隠し味は愛情です!

「浩くん、パフェつくろ!」
 相馬万里の思い付きは、いつだって唐突なのだ。そして、いつだって心得ている。片桐が日課としている筋トレが終わるタイミングをちょうど見計らって、すっと上着と財布を差し出してくる――そんな手際のよさも含めて。流れ作業のように「ちょっとそこまで」の支度を整えられてしまえば、片桐には断る術もない。
 いや、元より断るつもりもないが。
 跳ねるように歩いていく万里の手を掴んで制しながら、近所のコンビニへ向かう。

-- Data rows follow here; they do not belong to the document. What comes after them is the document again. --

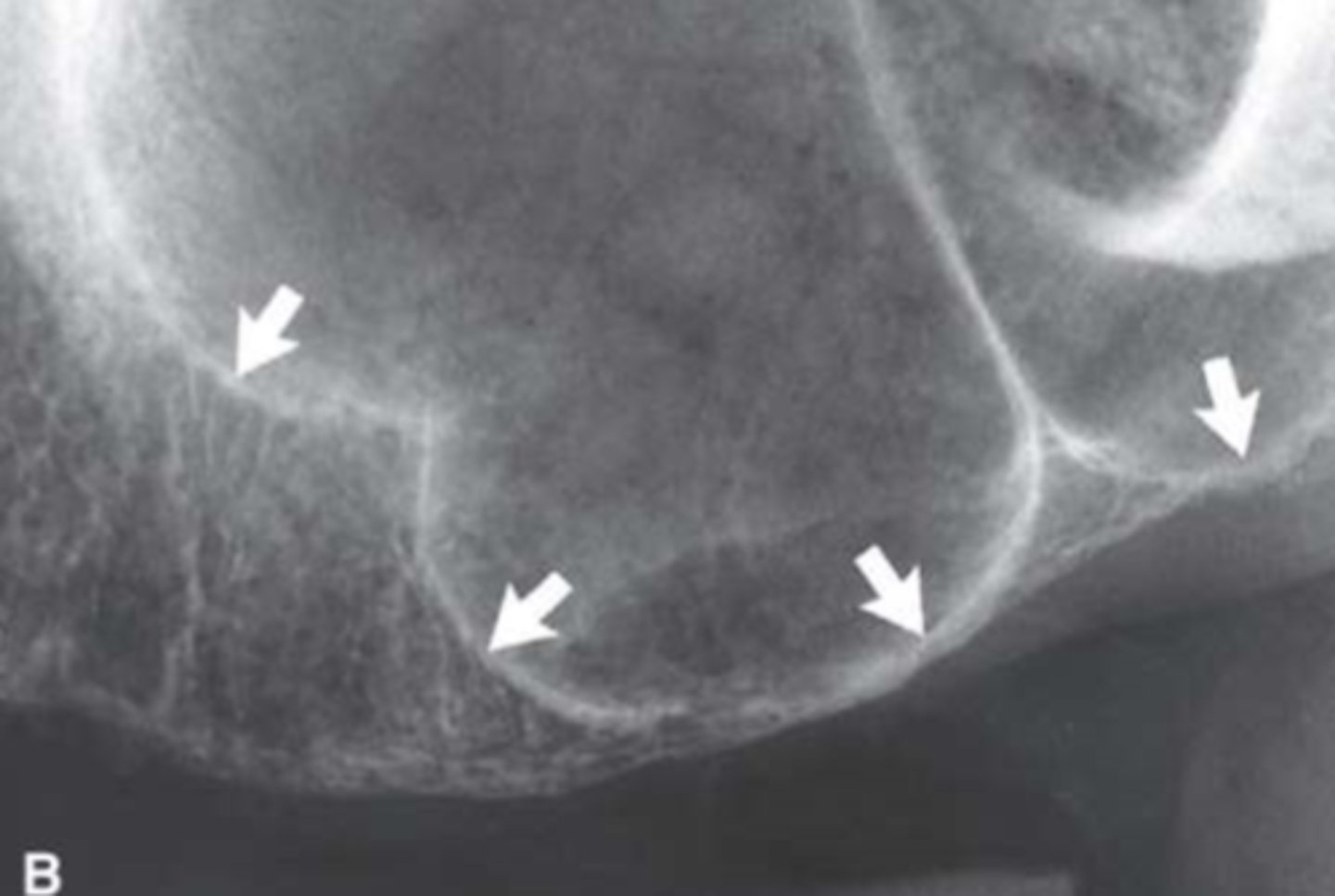 <p>Identify the structure</p>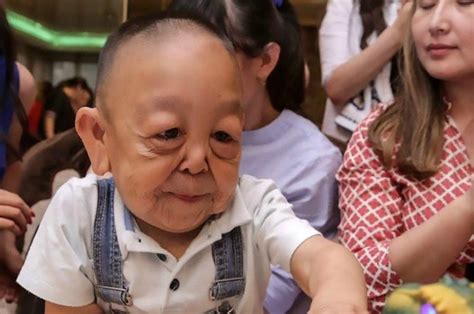 Tragic Tot S Condition Makes Him Look Like Wrinkled Old Man Just Like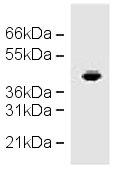 Anti-CCR1 antibody (ab19013) at 1 µg/ml + A357 cell lysate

アイス、コーンフレーク、カステラ、ポッキー、ウエハース――etc.etc.
「奮発してハーゲンダッツね」
 そう言った彼女が選んだのは、ラムレーズンとストロベリー。どちらも片桐が好きな味だ。来たときと同じように道を引き返して家につけば、今度は食器棚から父親のビールジョッキを取り出して、コーンフレークとカステラをぞんざいに詰めていく。
 どうしてかそれだけは備えている――ディッシャーでアイスをすくって載せれば、ほぼ万里スペシャル。「仕上げは浩くんがやってね」とねだられるまま、ポッキーとウエハースを刺せば完成だ。キッチンを通りがかった兄の呆れた呟きが聞こえてくる。